Joy Informed by Principles
My observation is that joy is informed by individuals guided by principles of happiness. First, they have a bedrock of principles. Second, they possess a strong moral compass. Third, they have a vision aligned with that compass of moral values. Fourth, they know how to communicate and build consensus and support for their vision.
It is moving to see how moral values can animate young people and help them discover purpose and joy.
Joy as a Destination
When we think of the word joy it is a state of being as well as a destination. Other words that fit that target are felicity and bliss. We may also think of the word happiness. Yet according to Noah Webster’s 1828 American Dictionary of the English Language, happiness may be a comparative word.
“To a person distressed with pain, relief from that pain affords happiness; in other cases, we give the name happiness to positive pleasure or an excitement of agreeable sensations. Happiness therefore admits of indefinite degrees of increase in enjoyment, or gratification of desires.”
Happiness only exists in comparison whereas joy, felicity and bliss seem to be the goal or objective.
When finding joy, perhaps synonyms provide explanation and guidance on the path to joy’s fullness or perfected happiness. If bliss, felicity and joy are the ends, what are the words providing the means to the end? Consider happy, pleasure, ecstasy, delight, fun. These words also seem to be transitory, comparative, and more slight than joy. Picking the right word may help us discover what we experience and where we are going. Consider the word fun.

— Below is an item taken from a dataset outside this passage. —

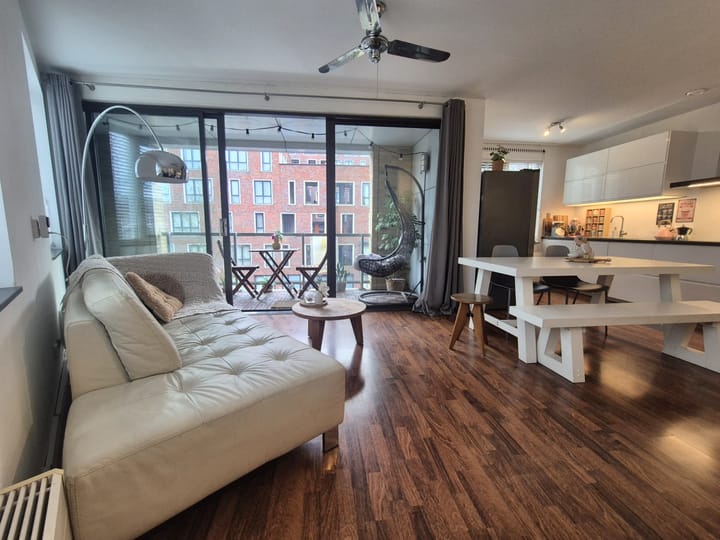 Photo 14 of Claus van Amsbergstraat 51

Fun: Sport; vulgar merriment. A low word. (Webster’s Dictionary)
Fun is amusement, temporary and also comparative. While fun, pleasure, and ecstasy are important for relaxation, I hope it is not our destination.
In the Nicomachean Ethics, Aristotle explains that happiness does not lie in amusement. He suggests that ultimate happiness is found in leading a virtuous life—One that requires exertion over amusement.
Benjamin Franklin and Felicity
Of the founders, Benjamin Franklin was the one who may have best captured the creative and entrepreneurial spirit through discovery, improvement and living a flourishing abundant life. He noted, “Human felicity is produced not so much by great pieces of good fortune that seldom happen, as by little advantages that occur every day.” (The Autobiography of Benjamin Franklin, p. 123)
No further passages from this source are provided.